The secret password may be needed to change the beacon settings,
often by connecting over Bluetooth protocol. The secret password
along with the command to deactivate may be sent to the beacon.
[0090] In some embodiments, if a BMD is present in the location,
the secret password along with the command to deactivate may be
sent to the beacon by the BMD.
[0091] In some embodiments, if no BMD is present, any user device
running the application and present in the vicinity may retrieve
the command from the BMS and may relay it to the beacon.
[0092] In some embodiments, it may not be necessary to completely
disable the beacon. In some cases, a simple switch of
characteristic values (e.g., MAC address) may suffice.
Using Staff Phones and Other Persistent Devices
[0093] In some embodiments, the utility of a dedicated hardware may
be present at the location the beacons may be installed. This
hardware may provide FCD capabilities for trusted operation and
authentication or may provide BMD capabilities for beacon
management. In some embodiments, a single hardware device may
provide both FCD and BMD functionalities.
[0094] In some embodiments, a device, such as a computer (such as
Raspberry Pi running an operating system like Linux) or network
router (running any operating system such as OpenWRT or ddWRT) may
be used for this purpose. However, this may not be feasible given
the additional cost of purchasing and deploying such a device in
physical locations.
[0095] In some embodiments, an existing device already present at
the location where the beacons may be install may also provide
FCD/BMD capabilities. For example, existing WiFi routers, smart
appliances (e.g., Nest thermostat, camera surveillance devices,
Point of Sale systems, and smart refrigerators) may be used for
such a deployment. A device, which may be present at the location
of interest capable of running a custom software application, may
be used.
[0096] In some embodiments, staff and personnel phones and devices
may be used. It may not be required to use devices that may always
be present in the location or may be stationary. Non-stationary
devices may also provide both FCD and BMD capabilities. Devices
carried by the staff and authorized personal, for example
smartphones, may be an ideal candidate for such a device. The term
"staff phones" may be used to generally refer to phones and other
devices (e.g., wristbands like Fitbit, glasses like Google Glasses,
smart clothing) carried by all authorized personnel.
[0097] In one example, a typical retail location may have one or
more staff members who may have one or more phones capable for
running a custom application (smartphones may have such
capabilities). A custom management application may be installed on
these phones such that the custom management application may run in
the background. The management application may easily emit unique
signals acting as FCD, collect signals emitted from nearby beacons
and relay to BMS, and relay commands from BMS to beacons.

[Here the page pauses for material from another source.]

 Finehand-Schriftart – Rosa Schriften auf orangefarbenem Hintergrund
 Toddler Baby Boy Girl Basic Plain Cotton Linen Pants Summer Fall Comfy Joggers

[0098] In some embodiments, multiple staff members may have this
custom management application, and as long as at least one of the
multiple staff members is present in the location, both FCD and BMD
capabilities may be provided. Even if these devices may not be
present at the location at all times, this approach may provide
sufficient security preserving, privacy protecting and management
functionalities. The management application may automatically turn
itself ON and OFF based on the location of the staff phone and time
schedules. If the staff phone is stolen or lost, its management
application may be deactivated immediately.
Location Inference
[0099] One application facilitated by beacons may be identification
of the precise location of a user's device inside a space. As the
user moves, relative to different geofences (spaces), such as
entering and exiting the geofence, different actions may be
triggered. For example, as a user visits near a shoe display in a
store, a coupon with a discount on the shoe may be sent to the
user's device.
[0100] In some embodiments, entry and exit from a geofence may be a
feature for one or more applications. Different types of geofences
may be created by beacons and may be applied.
[0101] FIG. 4 illustrates two beacons, A and B, on a floor plan. A
circle is drawn around each beacon to represent a circular
area.
[0102] A circular geofences, defined as a circle of a specified
radius around a single beacon, may be one embodiment of a geofence.
The radius may typically be specified as a threshold on the
received signal strength value (RSSI). As the beacon emits the
signals, the RSSI may be recorded by the user device, and may
easily facilitate detection of such geofences. Since the RSSI may
relate to a distance, a geofence may be referenced by radius in
meters or feet.
[0103] As illustrated in FIG. 4, if the beacon A is used, the
circle around A will be the associated geofence.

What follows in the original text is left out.